Mr Faine spoke ‘in defence of talkback radio’ to a packed house in the main lecture theatre in the Law Building in University Square.

Mr Faine estimates as many as 10,000 talkback calls a year get to air on his program. “If the internet wants to boast about being interactive, it has a long way to go before it gets within cooee of the interactivity of talkback,” he noted.

“Talkback is big. According to the latest ratings figures, more than a third of the Melbourne listening audience choose talk radio of one kind or another. At times of crisis, war, elections and disasters, listening patterns show substantial swings towards talk radio, and away from music, light entertainment and comedy.”

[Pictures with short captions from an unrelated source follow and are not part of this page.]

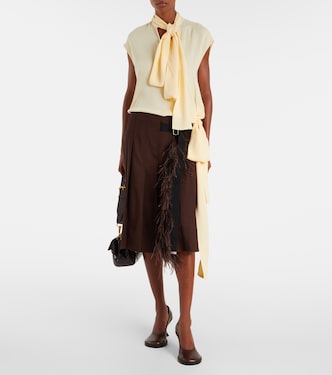 Feather-trimmed pleated wrap skirt | Plan C
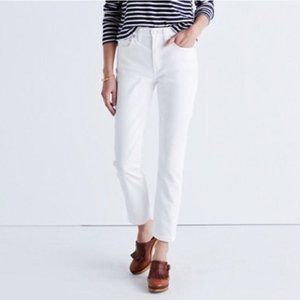Madewell Classic Straight Crop Jeans in Tile White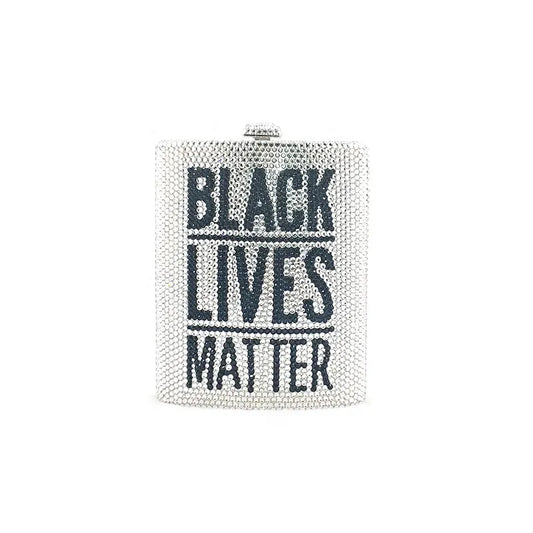 BLACK LIVES MATTER ROCK Women Evening Party Lip Clutches Full Crystal Classical Purses Bag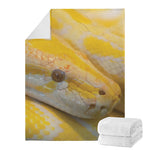 Yellow And White Python Snake Print Blanket
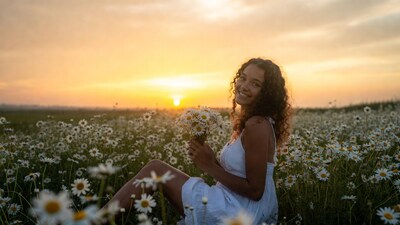 Woman holding daisies in field at sunset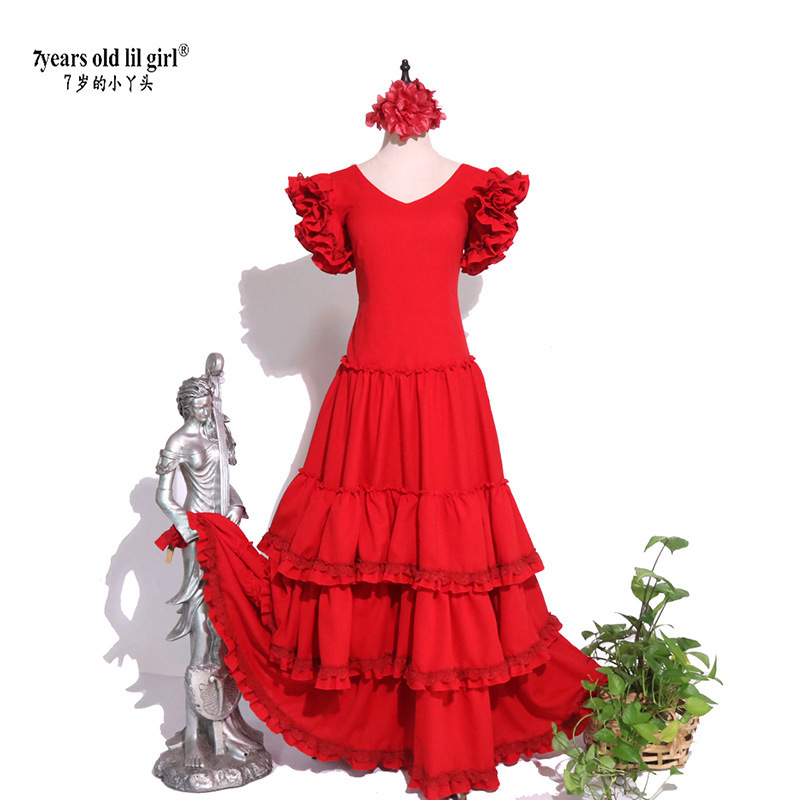 Original Brand Flamenco Spanish Dance Skirt Dress Performance Costume Dance Skirt Ene16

Prime ministers and premiers also love talkback radio, according to Mr Faine. “One of the principal weapons in a successful politician’s personal armory is to conquer radio, to sound personable but authoritative, to do battle with the host and to create a relationship with the listeners.”

Mr Faine also had some things to say about the Sydney talkback scene, reflecting that as a distant observer he is amazed at how “so much power is cultivated and brazenly exploited by people who talk on the radio”.

But Mr Faine doesn’t believe that all the blame lies with the presenters. “If the shock-jock is not given the influence, if he is kept at arm’s length by government and business, and not indulged, then the equation is not subverted. The fault lies with the giver as well as the taker of such liberties with the community’s trust.”

However he is wary of another layer of bureaucratic safeguards against abuse of power in the media. “We have them already,” he said. “They need to be better enforced, and need to be seen to be better enforced – as with all law enforcement – so as to have the proper deterrent effect.”